> **WHAT YOU NEED TO DO**
The full set of entries below must be returned exactly as shown.

Stored records
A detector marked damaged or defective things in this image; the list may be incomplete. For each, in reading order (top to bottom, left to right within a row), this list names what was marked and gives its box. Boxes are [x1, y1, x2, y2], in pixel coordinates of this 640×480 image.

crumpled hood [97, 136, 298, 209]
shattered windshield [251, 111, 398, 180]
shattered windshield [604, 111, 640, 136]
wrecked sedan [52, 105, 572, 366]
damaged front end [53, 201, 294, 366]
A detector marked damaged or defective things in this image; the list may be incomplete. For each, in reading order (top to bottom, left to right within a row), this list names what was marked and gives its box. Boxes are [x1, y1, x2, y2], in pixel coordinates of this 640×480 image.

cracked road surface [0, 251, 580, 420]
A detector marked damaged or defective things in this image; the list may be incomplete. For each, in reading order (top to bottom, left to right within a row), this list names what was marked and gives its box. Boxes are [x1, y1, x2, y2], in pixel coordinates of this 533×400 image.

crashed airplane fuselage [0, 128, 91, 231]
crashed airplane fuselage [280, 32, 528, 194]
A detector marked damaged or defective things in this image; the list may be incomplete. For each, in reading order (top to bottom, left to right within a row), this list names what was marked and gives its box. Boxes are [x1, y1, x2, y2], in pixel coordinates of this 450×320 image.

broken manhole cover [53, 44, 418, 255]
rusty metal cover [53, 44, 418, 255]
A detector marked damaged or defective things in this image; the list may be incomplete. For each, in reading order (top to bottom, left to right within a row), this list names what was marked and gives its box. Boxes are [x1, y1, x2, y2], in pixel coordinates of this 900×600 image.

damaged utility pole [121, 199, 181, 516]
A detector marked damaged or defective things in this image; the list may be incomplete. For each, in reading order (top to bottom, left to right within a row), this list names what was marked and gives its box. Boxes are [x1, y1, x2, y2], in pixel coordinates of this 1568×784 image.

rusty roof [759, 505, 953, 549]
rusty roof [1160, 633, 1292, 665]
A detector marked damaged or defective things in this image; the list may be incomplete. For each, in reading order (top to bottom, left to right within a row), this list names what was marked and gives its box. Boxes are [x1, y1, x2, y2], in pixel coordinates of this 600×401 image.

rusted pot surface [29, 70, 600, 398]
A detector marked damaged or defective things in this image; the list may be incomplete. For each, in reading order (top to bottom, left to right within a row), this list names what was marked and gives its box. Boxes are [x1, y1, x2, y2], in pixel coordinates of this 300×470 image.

> **COMPLETED TASK**
A detector marked damaged or defective things in this image; the list may be incomplete. For each, in reading order (top to bottom, left to right within a row), this list names what was marked and gives its box. Boxes are [x1, y1, x2, y2], in pixel coordinates of this 640×480 image.

crumpled hood [97, 136, 298, 209]
shattered windshield [251, 111, 398, 180]
shattered windshield [604, 111, 640, 136]
wrecked sedan [52, 105, 572, 366]
damaged front end [53, 201, 294, 366]
A detector marked damaged or defective things in this image; the list may be incomplete. For each, in reading order (top to bottom, left to right within a row), this list names what was marked and gives its box. Boxes are [x1, y1, x2, y2], in pixel coordinates of this 640×480 image.

cracked road surface [0, 251, 580, 420]
A detector marked damaged or defective things in this image; the list may be incomplete. For each, in reading order (top to bottom, left to right within a row), this list names what was marked and gives its box. Boxes are [x1, y1, x2, y2], in pixel coordinates of this 533×400 image.

crashed airplane fuselage [0, 128, 91, 231]
crashed airplane fuselage [280, 32, 528, 194]
A detector marked damaged or defective things in this image; the list may be incomplete. For each, in reading order (top to bottom, left to right within a row), this list names what was marked and gives its box. Boxes are [x1, y1, x2, y2], in pixel coordinates of this 450×320 image.

broken manhole cover [53, 44, 418, 255]
rusty metal cover [53, 44, 418, 255]
A detector marked damaged or defective things in this image; the list may be incomplete. For each, in reading order (top to bottom, left to right within a row), this list names what was marked and gives its box. Boxes are [x1, y1, x2, y2], in pixel coordinates of this 900×600 image.

damaged utility pole [121, 199, 181, 516]
A detector marked damaged or defective things in this image; the list may be incomplete. For each, in reading order (top to bottom, left to right within a row), this list names what was marked and gives its box. Boxes are [x1, y1, x2, y2], in pixel coordinates of this 1568×784 image.

rusty roof [759, 505, 953, 549]
rusty roof [1160, 633, 1292, 665]
A detector marked damaged or defective things in this image; the list may be incomplete. For each, in reading order (top to bottom, left to right within a row), this list names what was marked and gives its box. Boxes are [x1, y1, x2, y2], in pixel coordinates of this 600×401 image.

rusted pot surface [29, 70, 600, 398]
A detector marked damaged or defective things in this image; the list may be incomplete. For each, in reading order (top to bottom, left to right within a row), this list names what was marked and gives its box. Boxes are [x1, y1, x2, y2], in pixel coordinates of this 300×470 image.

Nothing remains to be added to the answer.